> **Work required**:
Output all entries verbatim.

[Source records]
○ ○ ○ ○ ○

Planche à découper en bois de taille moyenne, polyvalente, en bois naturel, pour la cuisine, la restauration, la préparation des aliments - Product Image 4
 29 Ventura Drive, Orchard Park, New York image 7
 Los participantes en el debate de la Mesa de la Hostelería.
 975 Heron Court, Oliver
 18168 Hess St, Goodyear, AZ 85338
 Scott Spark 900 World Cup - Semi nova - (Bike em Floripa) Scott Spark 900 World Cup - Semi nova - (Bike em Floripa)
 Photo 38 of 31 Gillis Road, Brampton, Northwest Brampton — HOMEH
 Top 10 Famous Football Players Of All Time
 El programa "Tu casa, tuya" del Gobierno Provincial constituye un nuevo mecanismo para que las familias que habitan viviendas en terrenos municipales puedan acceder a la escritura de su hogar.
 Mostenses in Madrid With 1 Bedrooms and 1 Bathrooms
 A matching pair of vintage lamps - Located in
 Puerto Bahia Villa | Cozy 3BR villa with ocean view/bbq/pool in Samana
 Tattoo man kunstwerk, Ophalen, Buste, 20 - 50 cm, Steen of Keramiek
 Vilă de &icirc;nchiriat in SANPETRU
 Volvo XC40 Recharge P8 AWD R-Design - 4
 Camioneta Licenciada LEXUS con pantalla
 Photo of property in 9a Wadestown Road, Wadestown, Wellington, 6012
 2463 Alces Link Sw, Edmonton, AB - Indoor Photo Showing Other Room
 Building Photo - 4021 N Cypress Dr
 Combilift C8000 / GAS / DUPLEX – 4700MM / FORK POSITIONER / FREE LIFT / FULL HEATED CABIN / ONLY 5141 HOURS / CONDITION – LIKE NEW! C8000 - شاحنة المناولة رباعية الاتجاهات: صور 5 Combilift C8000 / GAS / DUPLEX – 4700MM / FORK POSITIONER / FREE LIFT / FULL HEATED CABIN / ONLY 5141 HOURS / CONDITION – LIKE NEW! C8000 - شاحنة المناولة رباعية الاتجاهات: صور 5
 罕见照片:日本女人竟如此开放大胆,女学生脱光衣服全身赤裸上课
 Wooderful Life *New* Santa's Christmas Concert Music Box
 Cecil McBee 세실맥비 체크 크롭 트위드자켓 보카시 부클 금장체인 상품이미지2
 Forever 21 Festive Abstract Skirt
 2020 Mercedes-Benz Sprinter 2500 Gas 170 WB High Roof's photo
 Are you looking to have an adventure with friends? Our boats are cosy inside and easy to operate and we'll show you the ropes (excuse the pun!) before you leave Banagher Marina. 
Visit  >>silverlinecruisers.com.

○ ○ ○ ○ ○

> **Expected answer**:
Planche à découper en bois de taille moyenne, polyvalente, en bois naturel, pour la cuisine, la restauration, la préparation des aliments - Product Image 4
 29 Ventura Drive, Orchard Park, New York image 7
 Los participantes en el debate de la Mesa de la Hostelería.
 975 Heron Court, Oliver
 18168 Hess St, Goodyear, AZ 85338
 Scott Spark 900 World Cup - Semi nova - (Bike em Floripa) Scott Spark 900 World Cup - Semi nova - (Bike em Floripa)
 Photo 38 of 31 Gillis Road, Brampton, Northwest Brampton — HOMEH
 Top 10 Famous Football Players Of All Time
 El programa "Tu casa, tuya" del Gobierno Provincial constituye un nuevo mecanismo para que las familias que habitan viviendas en terrenos municipales puedan acceder a la escritura de su hogar.
 Mostenses in Madrid With 1 Bedrooms and 1 Bathrooms
 A matching pair of vintage lamps - Located in
 Puerto Bahia Villa | Cozy 3BR villa with ocean view/bbq/pool in Samana
 Tattoo man kunstwerk, Ophalen, Buste, 20 - 50 cm, Steen of Keramiek
 Vilă de &icirc;nchiriat in SANPETRU
 Volvo XC40 Recharge P8 AWD R-Design - 4
 Camioneta Licenciada LEXUS con pantalla
 Photo of property in 9a Wadestown Road, Wadestown, Wellington, 6012
 2463 Alces Link Sw, Edmonton, AB - Indoor Photo Showing Other Room
 Building Photo - 4021 N Cypress Dr
 Combilift C8000 / GAS / DUPLEX – 4700MM / FORK POSITIONER / FREE LIFT / FULL HEATED CABIN / ONLY 5141 HOURS / CONDITION – LIKE NEW! C8000 - شاحنة المناولة رباعية الاتجاهات: صور 5 Combilift C8000 / GAS / DUPLEX – 4700MM / FORK POSITIONER / FREE LIFT / FULL HEATED CABIN / ONLY 5141 HOURS / CONDITION – LIKE NEW! C8000 - شاحنة المناولة رباعية الاتجاهات: صور 5
 罕见照片:日本女人竟如此开放大胆,女学生脱光衣服全身赤裸上课
 Wooderful Life *New* Santa's Christmas Concert Music Box
 Cecil McBee 세실맥비 체크 크롭 트위드자켓 보카시 부클 금장체인 상품이미지2
 Forever 21 Festive Abstract Skirt
 2020 Mercedes-Benz Sprinter 2500 Gas 170 WB High Roof's photo
 Are you looking to have an adventure with friends? Our boats are cosy inside and easy to operate and we'll show you the ropes (excuse the pun!) before you leave Banagher Marina. 
Visit  >>silverlinecruisers.com.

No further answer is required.